The results show that the spring selling season didn’t start with a bang. A big factor weighing on the market is the shortage of homes in the resale market, a longtime trend made worse by rising mortgage rates.
In April, the average rate on the 30-year fixed mortgage ranged from 6.27% to 6.43%, according to Freddie Mac, with the rate climbing higher as the month progressed. Buyers this month continue to feel the brunt of higher rates, with the rate on the average 30-year fixed mortgage jumping to 6.57% this week, up from 6.39% the week ended May 25, according to Freddie Mac.
Those higher rates have affected the market in two ways.
First, affordability has deteriorated for buyers. The national median payment applied for by buyers increased 0.9% to $2,112 from $2,093 in March, according to new data Thursday from the Mortgage Bankers Association.
“While consumers are beginning to adjust to the reality of higher mortgage rates, affordability remains significantly constrained compared with one year ago," Odeta Kushi, First American Deputy Chief Economist, wrote in a statement.
That's kept many buyers on the sidelines, while others have been enticed back to the new home market by deals provided by homebuilders.
"Additionally, higher mortgage rates are keeping existing homeowners rate locked-in and limiting inventory," Kushi added.
Around 90% of homeowners with mortgages have a rate below 5%, far better than the prevailing rate, according to Toll Brothers CEO Doug Yearley.
"Existing homeowners are reluctant to give up their low rate mortgages, which has led to historically tight resale inventories," Yearley said this week on the company's earnings call.

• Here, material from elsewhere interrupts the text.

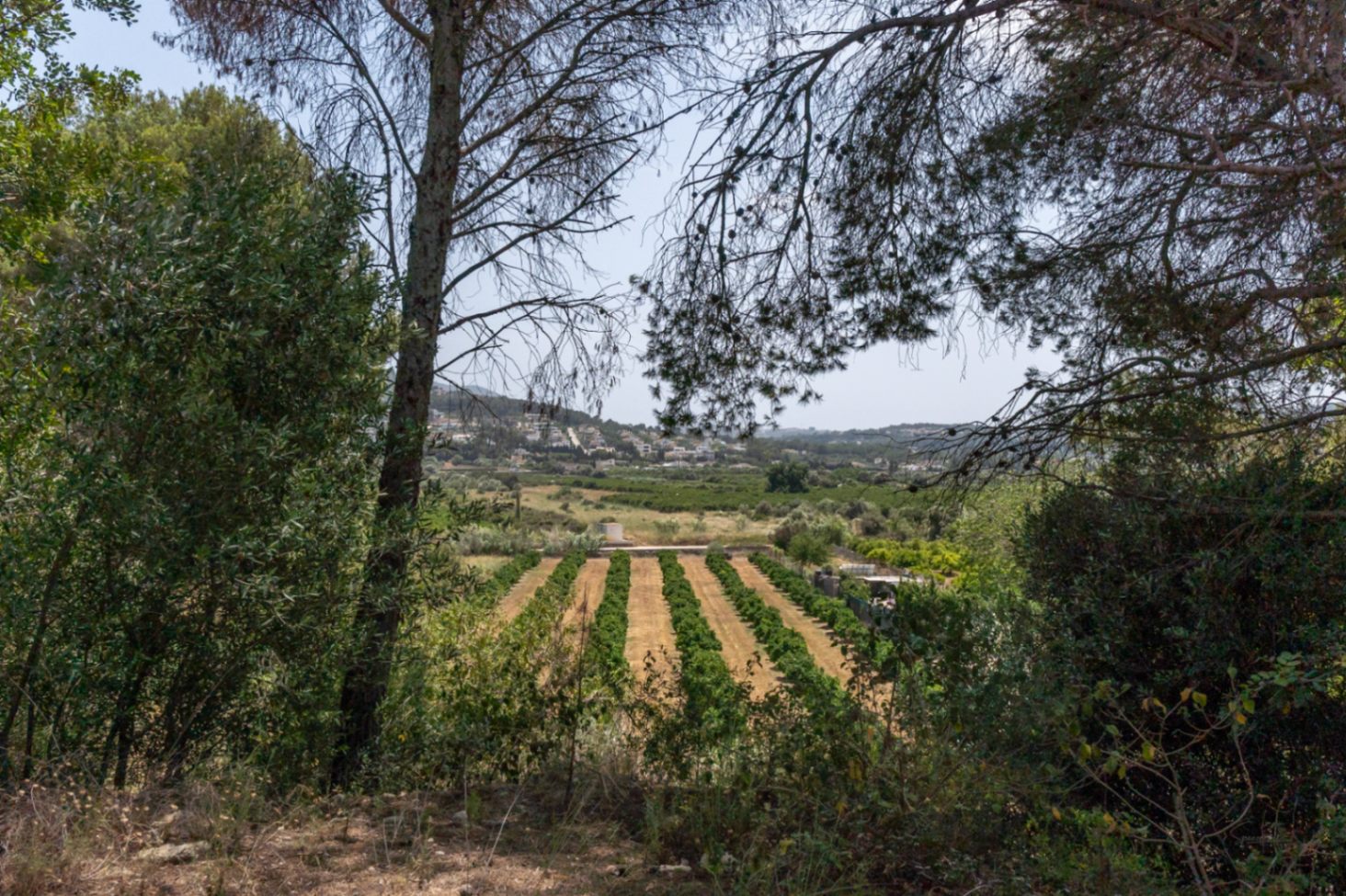 Vista panorámica desde la propiedad hacia el valle, mostrando campos de cultivo en hileras y colinas circundantes bajo un cielo despejado.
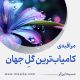 مراقبۀ «کامیاب‌ترین گلِ جهان»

Total housing inventory climbed to 1.04 million units of existing homes in April, up 7.2% from March's figure and down just 1% from a year ago, the NAR reported. But that seasonal increase is smaller than historical average of 10%.
April's supply of homes sat at 2.9 months, better than in March and a year ago, but far below the 6-month supply that is considered a healthy market.
"You can’t buy what’s not for sale,” Kushi said.